Summer 2007 | Nouvelle Southern Cuisine

Grits soufflé? Honey bourbon ice cream? A fresh crop of Southern eateries go lavishly high-end (and yes, healthy), y'all!

The first rule about Southern cuisine is that there's no such thing as Southern cuisine. Sure, fluffy buttermilk biscuits and lip-smacking fried green tomatoes may make your mouth water when you hear the phrase "Southern cooking." But the term is actually an umbrella that includes Cajun, creole, soul, lowland, barbecue, Tex-Mex, and Floribbean styles of cookery, with subregional nuances. So, what then is new Southern cuisine?

It all started with Nathalie Dupree's 1986 cookbook New Southern Cooking, which featured traditional Southern recipes with healthier modern twists and locally sourced ingredients. At the time Dupree lived in Atlanta, the epicenter of the new Southern cuisine movement. Until then Southern food had been eschewed by serious chefs and gourmets. But after 10 reprints of the book and hundreds of appearances by Dupree on PBS and the Food Network, no one is laughing anymore. Now dishes like shrimp and grits appear on exclusive menus, and Southern cuisine has lost its redneck, deep-fried, cholesterol-soaked reputation and is talked about with hushed gastronomic respect.

New Southern fare is best exemplified in Atlanta, with the highest concentration of restaurants and where gay chefs are spearheading the trend. Just six miles northwest of Atlanta in Decatur is the elegant lesbian-owned eatery Watershed. In 1998, when the restaurant was new, the Indigo Girls' Emily Saliers recruited Scott Peacock to be the chef at the former gas station turned contemporary dining room. He raised the bar for new Southern cuisine with fried oysters with red pepper ketchup, butter bean hummus with crudit?s, and popular Tuesday night fried chicken dinners.

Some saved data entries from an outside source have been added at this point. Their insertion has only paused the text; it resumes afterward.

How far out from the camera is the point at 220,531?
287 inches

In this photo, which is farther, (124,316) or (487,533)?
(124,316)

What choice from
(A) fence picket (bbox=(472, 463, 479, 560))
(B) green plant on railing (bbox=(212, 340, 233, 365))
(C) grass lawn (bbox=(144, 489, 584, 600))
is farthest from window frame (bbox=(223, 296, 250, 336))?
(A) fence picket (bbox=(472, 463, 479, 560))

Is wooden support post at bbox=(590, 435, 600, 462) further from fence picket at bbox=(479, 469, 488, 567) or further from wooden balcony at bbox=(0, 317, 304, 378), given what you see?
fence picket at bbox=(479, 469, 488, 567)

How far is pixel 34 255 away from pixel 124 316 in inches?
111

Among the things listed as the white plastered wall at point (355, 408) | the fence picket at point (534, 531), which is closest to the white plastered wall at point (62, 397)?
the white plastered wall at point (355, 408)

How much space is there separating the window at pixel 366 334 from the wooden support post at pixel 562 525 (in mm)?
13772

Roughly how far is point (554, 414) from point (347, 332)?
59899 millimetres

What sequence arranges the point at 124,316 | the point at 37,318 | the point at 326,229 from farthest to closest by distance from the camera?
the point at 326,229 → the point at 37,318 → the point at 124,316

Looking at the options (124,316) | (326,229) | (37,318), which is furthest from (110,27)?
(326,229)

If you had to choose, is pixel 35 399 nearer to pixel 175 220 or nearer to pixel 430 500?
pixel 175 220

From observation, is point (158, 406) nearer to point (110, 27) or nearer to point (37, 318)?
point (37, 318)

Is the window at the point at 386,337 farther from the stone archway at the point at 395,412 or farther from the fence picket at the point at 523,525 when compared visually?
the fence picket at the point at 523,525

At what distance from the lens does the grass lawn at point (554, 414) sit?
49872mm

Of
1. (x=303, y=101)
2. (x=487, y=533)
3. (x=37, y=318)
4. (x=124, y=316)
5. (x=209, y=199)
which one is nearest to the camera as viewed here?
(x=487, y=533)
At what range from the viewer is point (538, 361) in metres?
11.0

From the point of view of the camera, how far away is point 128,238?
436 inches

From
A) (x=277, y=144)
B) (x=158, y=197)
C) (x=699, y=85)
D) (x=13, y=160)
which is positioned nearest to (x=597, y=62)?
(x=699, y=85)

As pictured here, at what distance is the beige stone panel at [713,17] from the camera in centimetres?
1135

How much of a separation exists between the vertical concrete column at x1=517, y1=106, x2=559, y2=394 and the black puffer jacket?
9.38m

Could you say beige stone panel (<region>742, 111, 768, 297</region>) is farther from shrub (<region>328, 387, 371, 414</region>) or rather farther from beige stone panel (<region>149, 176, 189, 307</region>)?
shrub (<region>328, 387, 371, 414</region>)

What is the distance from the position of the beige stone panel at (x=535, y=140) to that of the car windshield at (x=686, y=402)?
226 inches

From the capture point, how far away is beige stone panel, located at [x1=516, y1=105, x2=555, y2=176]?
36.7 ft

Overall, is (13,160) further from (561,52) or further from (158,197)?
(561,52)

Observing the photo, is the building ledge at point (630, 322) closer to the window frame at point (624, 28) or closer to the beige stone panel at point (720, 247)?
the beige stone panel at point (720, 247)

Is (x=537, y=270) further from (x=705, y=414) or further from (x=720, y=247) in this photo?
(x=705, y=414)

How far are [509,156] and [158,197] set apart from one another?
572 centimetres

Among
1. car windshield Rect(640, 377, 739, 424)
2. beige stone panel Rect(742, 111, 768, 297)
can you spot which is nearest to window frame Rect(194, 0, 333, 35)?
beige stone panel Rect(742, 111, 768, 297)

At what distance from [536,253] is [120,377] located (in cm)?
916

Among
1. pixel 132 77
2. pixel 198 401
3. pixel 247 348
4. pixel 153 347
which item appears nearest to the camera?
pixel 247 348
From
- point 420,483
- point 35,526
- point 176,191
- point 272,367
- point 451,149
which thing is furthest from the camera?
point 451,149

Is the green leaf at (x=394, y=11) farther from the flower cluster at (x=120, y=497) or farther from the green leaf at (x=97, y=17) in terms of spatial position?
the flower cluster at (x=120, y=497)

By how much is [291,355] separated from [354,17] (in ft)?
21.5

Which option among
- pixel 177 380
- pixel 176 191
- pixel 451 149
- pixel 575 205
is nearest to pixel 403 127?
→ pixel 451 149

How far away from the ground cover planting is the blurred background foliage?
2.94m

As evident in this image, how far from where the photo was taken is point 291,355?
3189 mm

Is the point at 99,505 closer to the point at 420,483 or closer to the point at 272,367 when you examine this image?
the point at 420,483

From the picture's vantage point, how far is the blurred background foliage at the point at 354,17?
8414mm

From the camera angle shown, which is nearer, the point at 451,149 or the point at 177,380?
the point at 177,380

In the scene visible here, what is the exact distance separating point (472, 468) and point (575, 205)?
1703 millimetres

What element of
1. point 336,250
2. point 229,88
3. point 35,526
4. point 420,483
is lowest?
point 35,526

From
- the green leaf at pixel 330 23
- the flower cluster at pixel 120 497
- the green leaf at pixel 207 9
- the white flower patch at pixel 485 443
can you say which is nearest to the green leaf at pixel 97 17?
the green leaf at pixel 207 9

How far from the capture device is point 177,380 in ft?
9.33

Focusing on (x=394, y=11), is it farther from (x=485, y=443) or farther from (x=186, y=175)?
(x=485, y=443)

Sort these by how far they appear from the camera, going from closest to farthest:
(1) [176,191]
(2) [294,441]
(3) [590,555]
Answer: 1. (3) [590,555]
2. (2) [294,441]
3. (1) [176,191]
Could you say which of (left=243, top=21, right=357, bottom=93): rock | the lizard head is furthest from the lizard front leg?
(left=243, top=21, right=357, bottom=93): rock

The most recent addition to the Atlanta scene (and decidedly more upscale) is prix-fixe Quinones, helmed by Clifford Harrison and Anne Quatrano (co-owners of Bacchanalia as well as Star Provisions, just upstairs). The lush 42-seat parlor, filled with antique mirrors, plush couches, and Venetian glass chandeliers, is the duo's elegant love letter to regional Southern ingredients, featuring organic heirloom vegetables raised on Anne's five-generation-owned farm, not to mention dishes like sorghum-glazed veal sweetbread casserole and Kobe beef short ribs.

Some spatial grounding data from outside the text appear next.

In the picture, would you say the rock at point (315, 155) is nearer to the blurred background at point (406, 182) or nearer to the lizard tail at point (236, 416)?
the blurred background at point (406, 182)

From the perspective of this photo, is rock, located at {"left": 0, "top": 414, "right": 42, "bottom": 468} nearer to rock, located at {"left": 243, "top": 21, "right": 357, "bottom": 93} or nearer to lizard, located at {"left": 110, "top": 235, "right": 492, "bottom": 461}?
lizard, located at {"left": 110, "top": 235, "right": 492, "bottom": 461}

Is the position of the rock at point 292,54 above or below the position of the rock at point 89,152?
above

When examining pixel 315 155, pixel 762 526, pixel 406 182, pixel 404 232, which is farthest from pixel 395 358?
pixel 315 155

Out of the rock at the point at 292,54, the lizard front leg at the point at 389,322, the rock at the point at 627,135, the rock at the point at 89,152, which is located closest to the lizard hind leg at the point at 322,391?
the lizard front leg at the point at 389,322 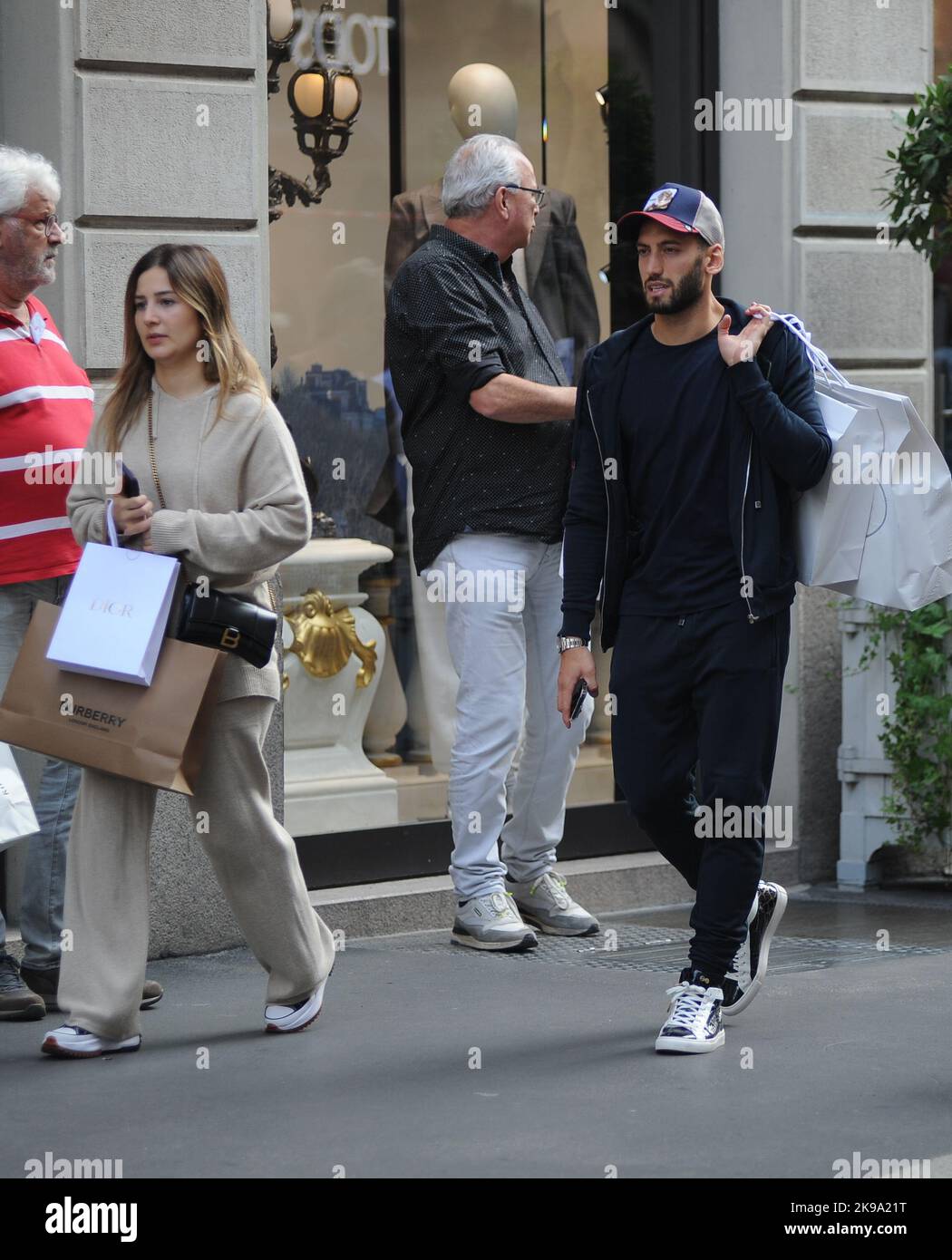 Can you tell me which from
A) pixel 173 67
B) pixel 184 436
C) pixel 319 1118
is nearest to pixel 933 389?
pixel 173 67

Long favored by the city's gay residents for its kitschy midcentury decor, Agnes & Muriel's is a staple that's been schlepping out Southern twists like Coca-Cola barbecued ribs and fried green tomato BLTs since its 1997 opening in the main gay area of Midtown.

Not to be outdone, North Carolina has really upped the Southern cooking bar as well. As any local knows, the Carolinas aren't just divided by North and South; they're deeply divided by their respective barbecue philosophies. But the barbecue domination has given way to a thriving wine and slow-food culture that is best witnessed at Durham, N.C.'s bustling Magnolia Grill, ranked number 11 on Gourmet magazine's 2006 list of best American restaurants. The zany thrown-together folk d?cor doesn't prepare you for the restaurant's fussy and elaborate dishes, like twice-baked grits souffl? with shavings of confit foie gras.

And last but not least, in a region historically rich with setbacks, New Orleans's exclusive Old World establishment Restaurant August (pictured above) is the ultimate survivor--not just because the romantic four-star favorite was reconstructed post-Katrina or because it amped up its traditional French menu with Berkshire pork-cracklin' salads and sublime fillets of St. Pierre with lobster and sunchoke. No, it's because chef John Besh dared to debut a $150 degustation tasting menu when other local restaurants were dropping their prices to attract new business--a true testament to the New South's irrepressible spirit, its culture's perpetual rebirth, and its food's unwavering integrity, tradition, and worth.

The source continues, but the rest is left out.